Psychology has traditionally been seen an individual endeavor, fashioned by an individualistic society and cultural traditions. With a few exceptions, from the time we start in school in the U.S., we are told “do your own work,” with collaboration sometimes seen as “cheating.” In some cases, our education is not just individualistic, but fiercely competitive and cut-throat. Even when practicing, we primarily work one-on-one with clients, and private practice continues to be a career goal for new psychologists. I remember how isolated I felt at my first full-time clinical job, surrounded by people yet working alone. It was a struggle to build relationships and find ways to collaborate within the privacy guidelines and maintain the confidentiality of my clients.

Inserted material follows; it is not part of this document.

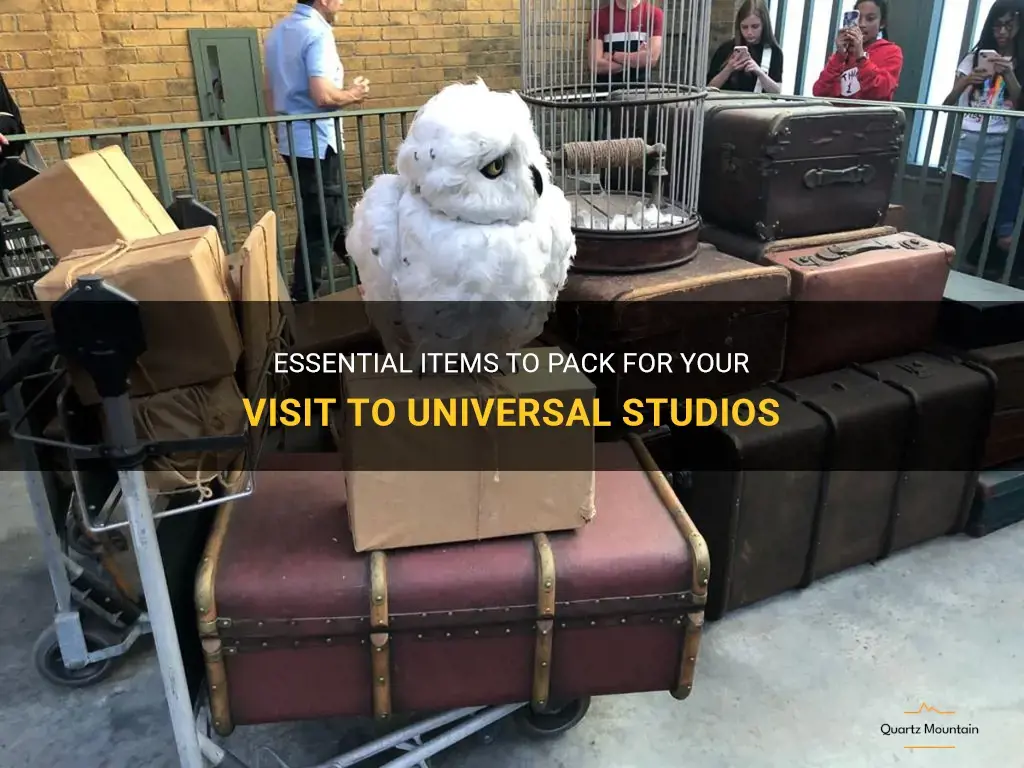 what to pack to universal studios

We live in an increasingly collective world, fueled by technology and with a growing acknowledgement of the critical role of multicultural psychology and diverse perspectives in our work. Clients and student’s ever-changing physical environments, political climates, globalization, and the rapidly changing social world require us to keep up with these rapid changes. Further, research demonstrates that working in collaborative groups at all academic and practice levels is efficacious and helps with problem-solving, empathy development, psychological adjustment to college, and higher self-esteem, to name a few (e.g., Johnson, Johnson, & Smith, 2013). Psychologists have embraced collaborative work with others, whether via integrated healthcare, active and collaborative teaching models in academics, or cooperative research teams.

Collaborative leadership, similar to collaborative learning, should consist of five factors: Positive interdependence, individual and group accountability, positive interaction (preferably face-to-face), learning interpersonal and small group skills, and group processing (Johnson & Johnson, 2017). Dr. McDaniel, when President of APA, promoted an idea of “collaborative habits,” wherein she challenged all of us to be mindful and intentional about our interactions and learning from others, while being flexible and fluid in those experiences (McDaniel, 2016). 

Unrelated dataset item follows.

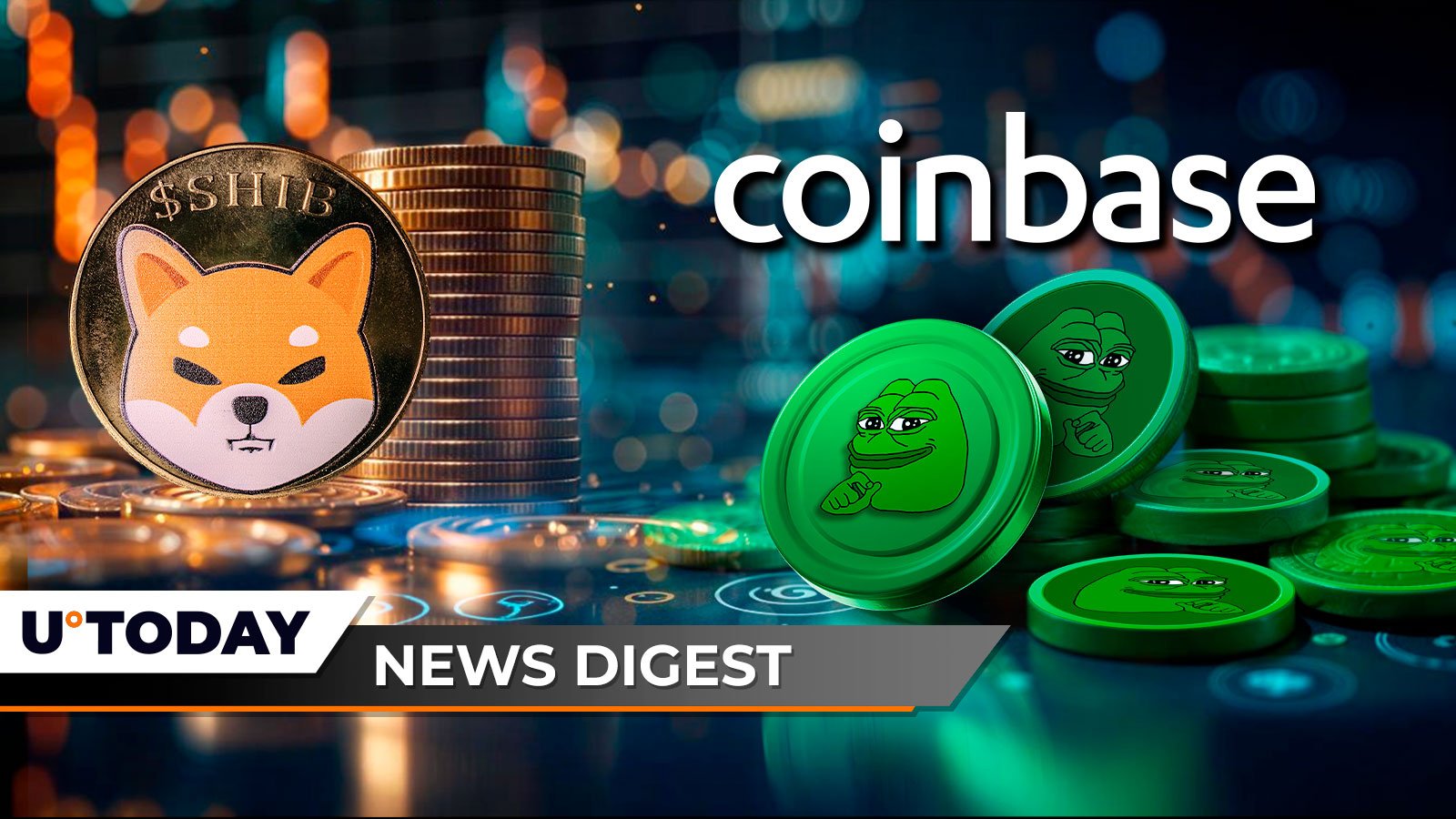 Shiba Inu Shows Special Pattern Indicating Potential Uptrend, Controversial XRP Outlook Shared by Top Crypto Trader, Coinbase Lists PEPE Meme Coin: Crypto News Digest by U.Today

OPA is a model of collaborative leadership in numerous ways. We are active members of the Coalition for Health Communities, thanks to the efforts of Michael Ranney, our ED. The new OPA governance structure is another model of collaborative leadership, working across silos and fostering engagement and interdependence. Further, our first OPA General Assembly (a virtual meeting held Saturday, November 18th) engaged members in a discussion about critical issues facing Ohio psychologists to inform the strategic plan of OPA. 

I’d like to also note that one of our mutually beneficial collaborations has been a long-term relationship with the Ohio School Psychologists Association (OSPA). Dr. Erich Merkle, our current OSPA liaison to the OPA board, frequently attends OPA board meetings, shares information from OPSA with OPA (and vice versa), and had a well-attended workshop at the OPA Convention in the spring. I appreciate Dr. Merkle’s collaborative spirit, and willingness to be flexible as we navigate this new governance structure, as well as his expertise and understanding about how our two organizations can work together. 

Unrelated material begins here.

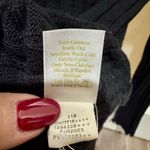 Caslon Black Ribbed Turtleneck Waffle Hem Sweater Size MP Photo 8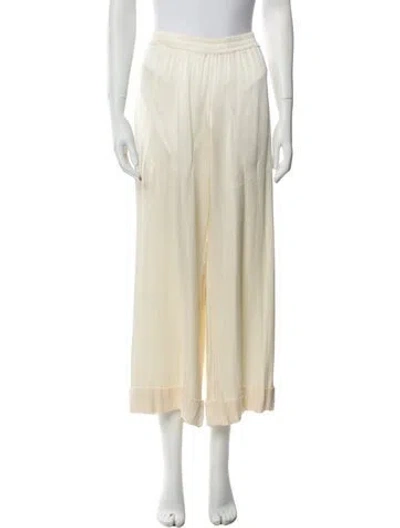 Pre-owned Michael Kors Wide Leg Pants In Neutral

As I mentioned in my first e-newsletter article, collaboration is critical in this current climate! Initiating strong relationships with other organizations that support mental health is just one step of collaborative leadership. The next step is facilitating a mutually-beneficial interdependence, as well as being mindful about actively maintaining and improving the relationship. Our connections may be with medical professionals, religious organizations, school systems, non-profit agencies, and legislators, all of whom have different cultures of engagement. The OPA staff and board has a commitment to building and working with our healthy networks, and we would love to hear about your experiences with collaborative connections with others, if you are willing to share.